- Given information

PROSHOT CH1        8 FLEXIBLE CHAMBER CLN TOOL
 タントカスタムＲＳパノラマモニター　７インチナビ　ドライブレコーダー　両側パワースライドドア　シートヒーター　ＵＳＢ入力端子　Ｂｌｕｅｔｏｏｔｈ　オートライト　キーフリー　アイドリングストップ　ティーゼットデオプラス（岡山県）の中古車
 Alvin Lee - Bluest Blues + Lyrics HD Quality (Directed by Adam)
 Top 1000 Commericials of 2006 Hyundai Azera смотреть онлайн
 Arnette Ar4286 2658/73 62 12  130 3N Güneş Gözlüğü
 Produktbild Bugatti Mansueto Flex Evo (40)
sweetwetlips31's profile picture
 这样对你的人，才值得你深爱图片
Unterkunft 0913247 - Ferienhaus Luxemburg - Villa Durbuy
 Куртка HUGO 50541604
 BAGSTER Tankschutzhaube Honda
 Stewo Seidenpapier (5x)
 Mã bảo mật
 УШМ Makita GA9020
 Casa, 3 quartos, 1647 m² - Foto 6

- What the exercise asks
Please transcribe the records exactly from their first line through the line holding "Alvin Lee - Bluest", and leave out all others.

- Solution to this task
PROSHOT CH1        8 FLEXIBLE CHAMBER CLN TOOL
 タントカスタムＲＳパノラマモニター　７インチナビ　ドライブレコーダー　両側パワースライドドア　シートヒーター　ＵＳＢ入力端子　Ｂｌｕｅｔｏｏｔｈ　オートライト　キーフリー　アイドリングストップ　ティーゼットデオプラス（岡山県）の中古車
 Alvin Lee - Bluest Blues + Lyrics HD Quality (Directed by Adam)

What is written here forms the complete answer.